What happens to learning histories? Traditionally, in the school or college system, we treat textbooks and references built by experts as the starting point of our education. Students are encouraged to discover through the texts and teacher led activities. However, from one group of students to the other, from one year to the other, it is an ab-initio start. The only continuity is possibly provided by the teacher, who takes to her class the knowledge of any prior learning histories.

The traditional system has a short memory. Histories of student conversations, their trials and tribulations as they navigated unfamiliar terrain, are transmogrified into common mistakes pointed out by the teacher, FAQs built by experts and so on – themselves shortcuts to navigate the longer path taken by the experts to arrive at their conception of the domain. In the process, experts make some reasoned choices about what to leave out. It is important to learn and apply the Pythagorous theorem in a secular manner – never relating to Pythagorous himself or the cultural, social and political context in which he invented the theorem.

These choices are made for the learner. And in this manner, she is condemned to not “know” many learning histories. And therefore, not be able to construct many new forms of learning or adapt histories into new futures. This is typical of a system where temporality is key – competence is generated (or not) out of a structured time-space of an institution.

However, this is simply not the way competence is employed and grown at work or in life. Knowledge management is key to successful enterprises and initiatives, where processes become as important as competence. A hallmark of this competence is that it is based on non-linearity of paths taken to perform based on extensive networks of resources available for self-use.

The core issue is that our systems need several proofs of competence as entry criteria to a variety of different spaces. And they need these proofs to be socially acknowledged, presumably because they shift the burden of proving them to experts.

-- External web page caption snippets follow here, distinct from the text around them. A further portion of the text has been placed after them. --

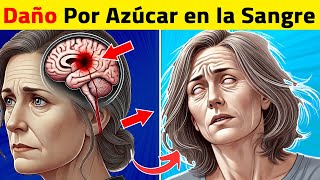 ¡Cómo el Azúcar Alto en La Sangre Daña el Cerebro [upl. by Nhguaval]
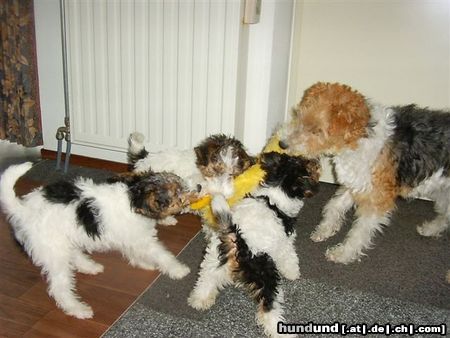 Foxterrier Drahthaar spielen ist das schonste auf dieser welt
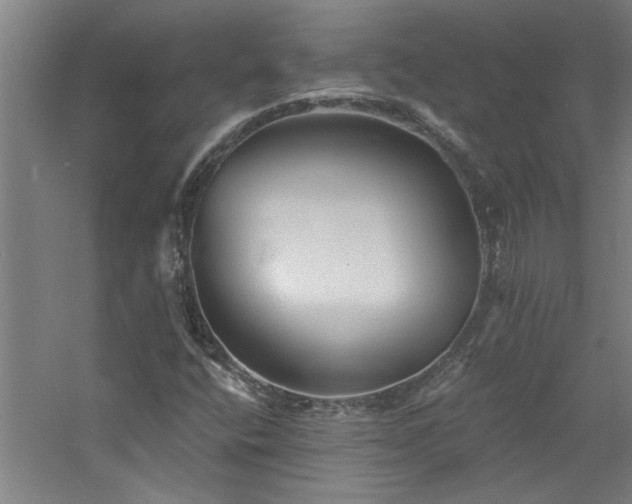 X0000060791400200511101406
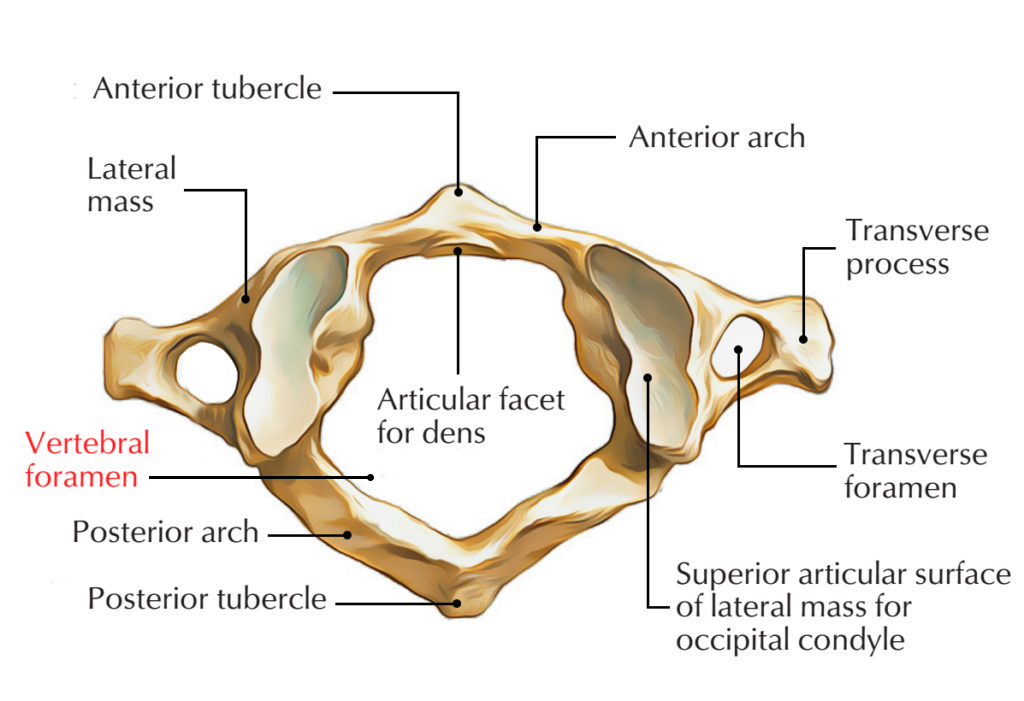 Vertebral Foramen - Cervical Vertebrae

As it happens, the provers and the system are often at odds with each other because they believe in different notions of competence and how to engender it.

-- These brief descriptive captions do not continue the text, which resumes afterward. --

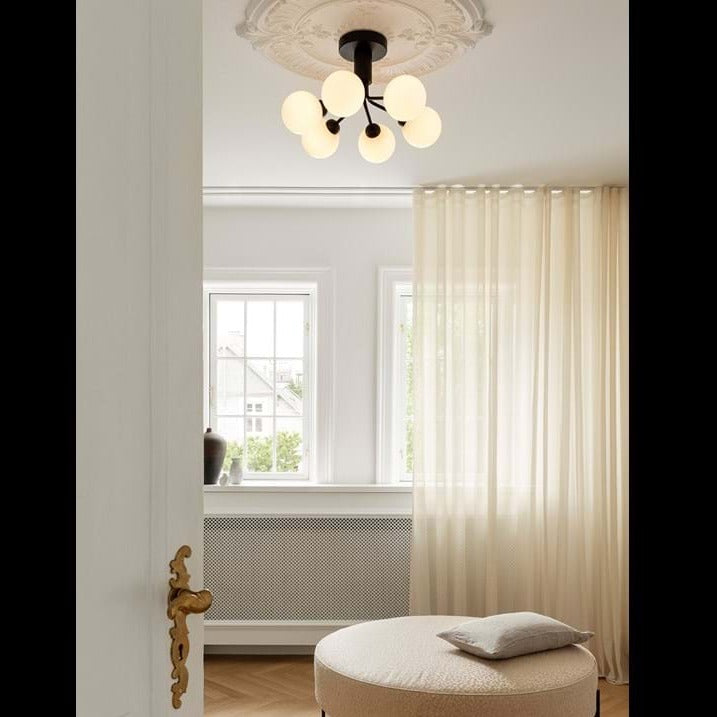Apiales 6 Ceiling Lamp - MyConcept Hong Kong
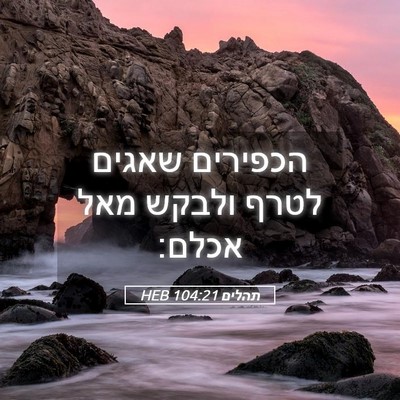 Picture 05 - תהלים 104:21 HEB - הכפירים שאגים לטרף ולבקש - Bible Verse Picture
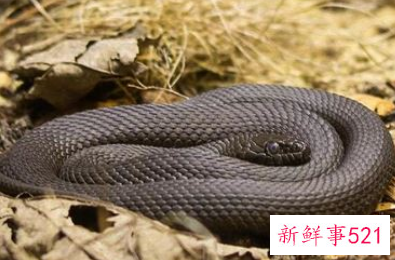 中年女人梦见蛇是什么意思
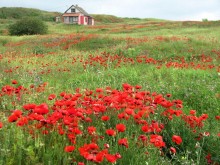 Pastorale / ****************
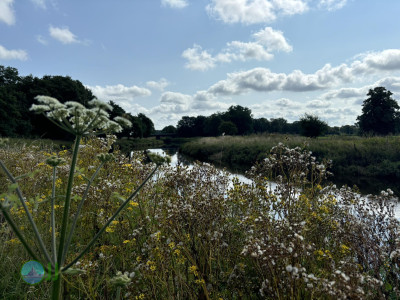Megamarsch #WirGehenWeiter - Sommer 2024 - Day 1 - From Coevorden to Nordhorn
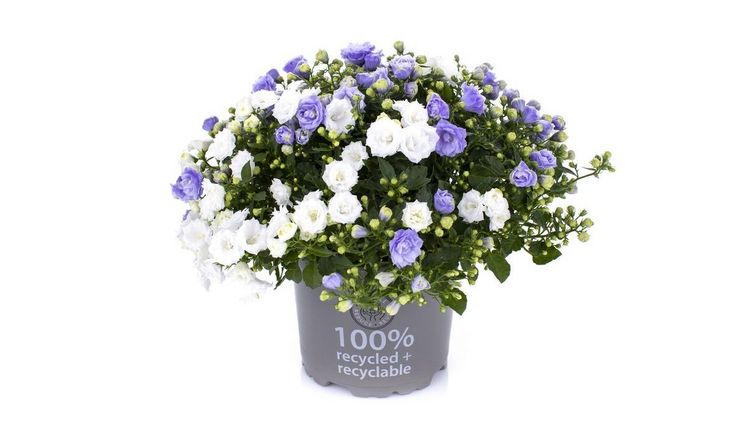 Bali Multi ist ein Mix aus den bereits bekannten doppelblütigen Campanula-Sorten 'Bali White' und 'Bali Blue'. Bild: Tvillingegaarden.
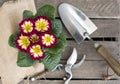 Primerose with trowel, gardenshears on wooden background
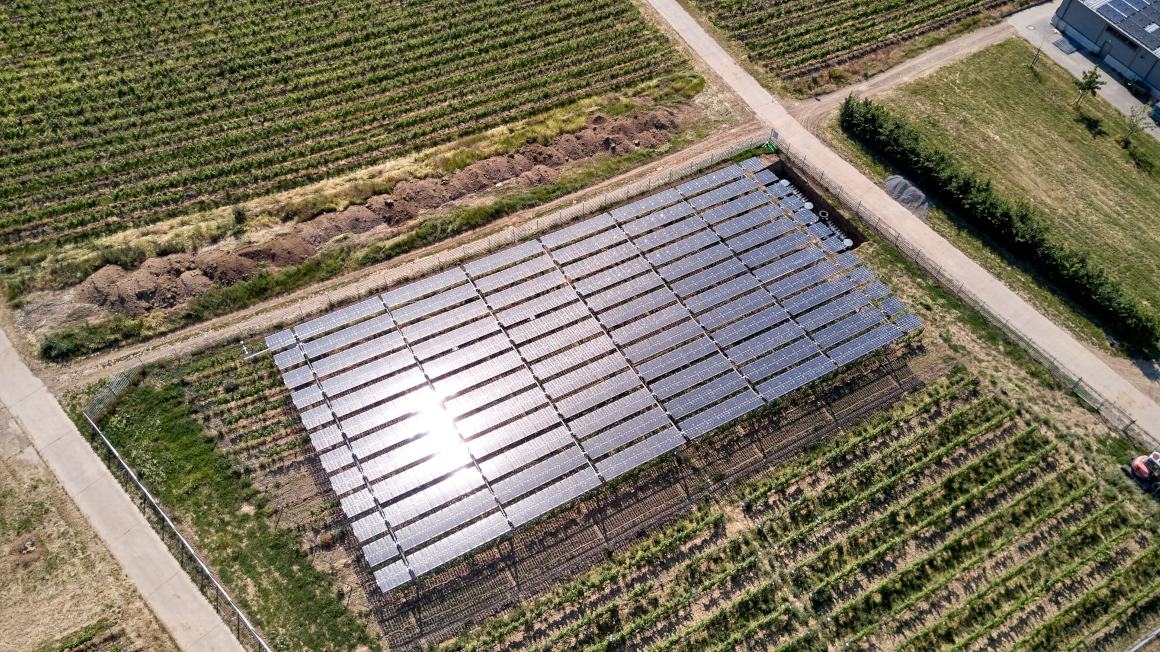 Energiegewinnung am Weinberg an der Hochschule Geisenheim: Multifunktionale Weinbausysteme sind ein Forschungsschwerpunkt des geplanten Innovationszentrums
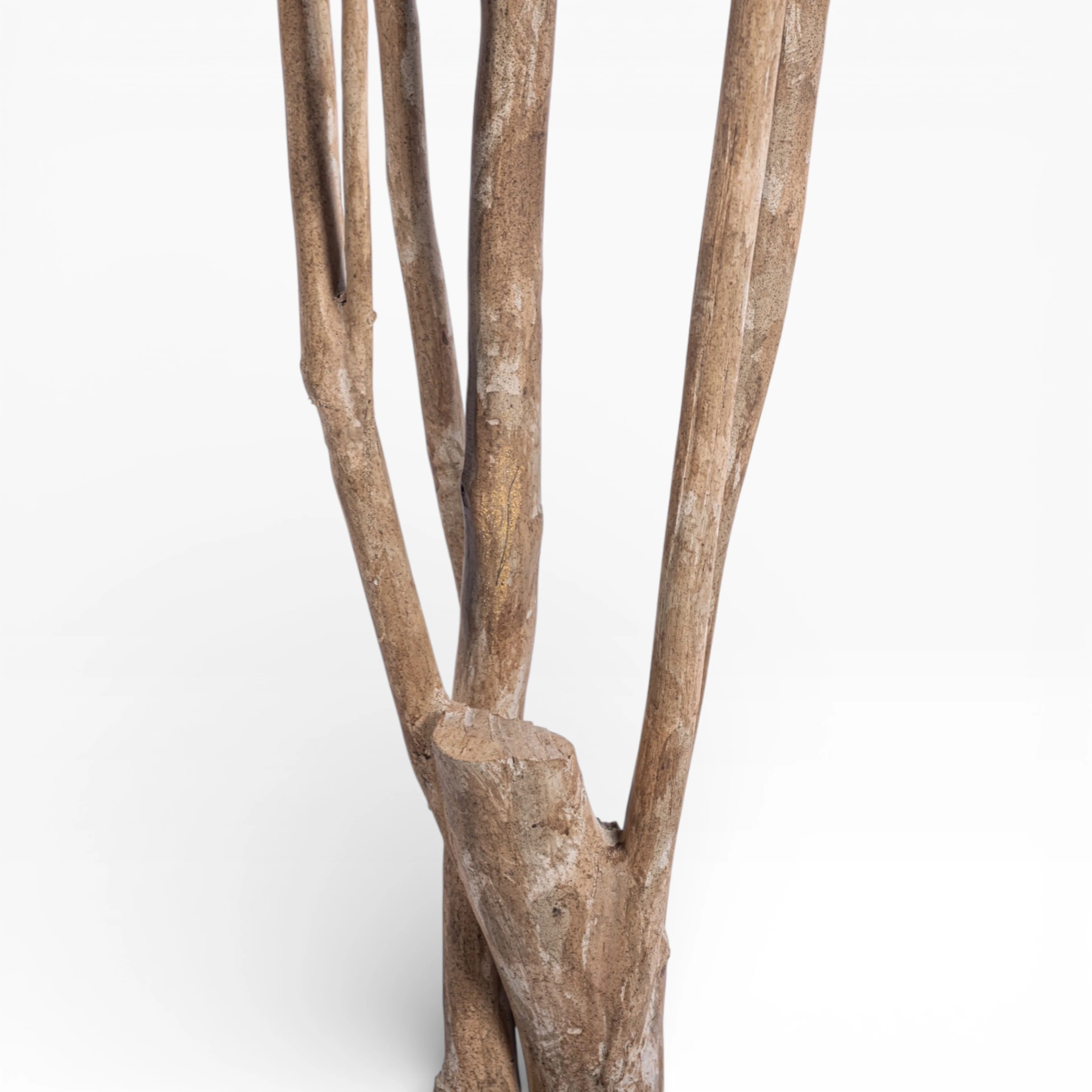 8' Black Olive Shady Lady Tree FP1411 - Image 6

Scale entrenches these vulnerable and shifting contracts deeper. With scale (numbers, diversity, globalization, technology), it becomes even more difficult to remember or place learning histories within the context of engendering competence. Someone I know told me about how one of his unofficial mentors spent forty years of his life sifting through Ramanujan’s discoveries, trying to decipher how exactly Ramanujan made his phenomenal discoveries – an anachronistic, obscure but inspiring endeavor in these times.

Learning histories are important. They are important for us to spark innovation, to facilitate the next Ramanujan in his discoveries, to place our learning in local and global contexts within which we exist today. And possibly the way we need to retain these learning histories to record the conversations, curate them, enable connections to them, and celebrate the paths that learners before us took to both fail and succeed. And hope that these inform and help develop new ways of addressing our problems today and for the future.